| Instructions to follow |
Both the line below containing "6412 32nd Street, Lubbock, TX 79407" and the line containing "11 Ninth Ave, Railway Estate QLD 4810", along with every line between them, should be repeated exactly; no other line belongs in the answer.

| Records supplied |
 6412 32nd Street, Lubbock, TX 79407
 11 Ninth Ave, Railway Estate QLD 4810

...

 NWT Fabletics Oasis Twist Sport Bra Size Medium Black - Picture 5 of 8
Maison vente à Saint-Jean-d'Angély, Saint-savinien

| Exercise response |
 6412 32nd Street, Lubbock, TX 79407
 11 Ninth Ave, Railway Estate QLD 4810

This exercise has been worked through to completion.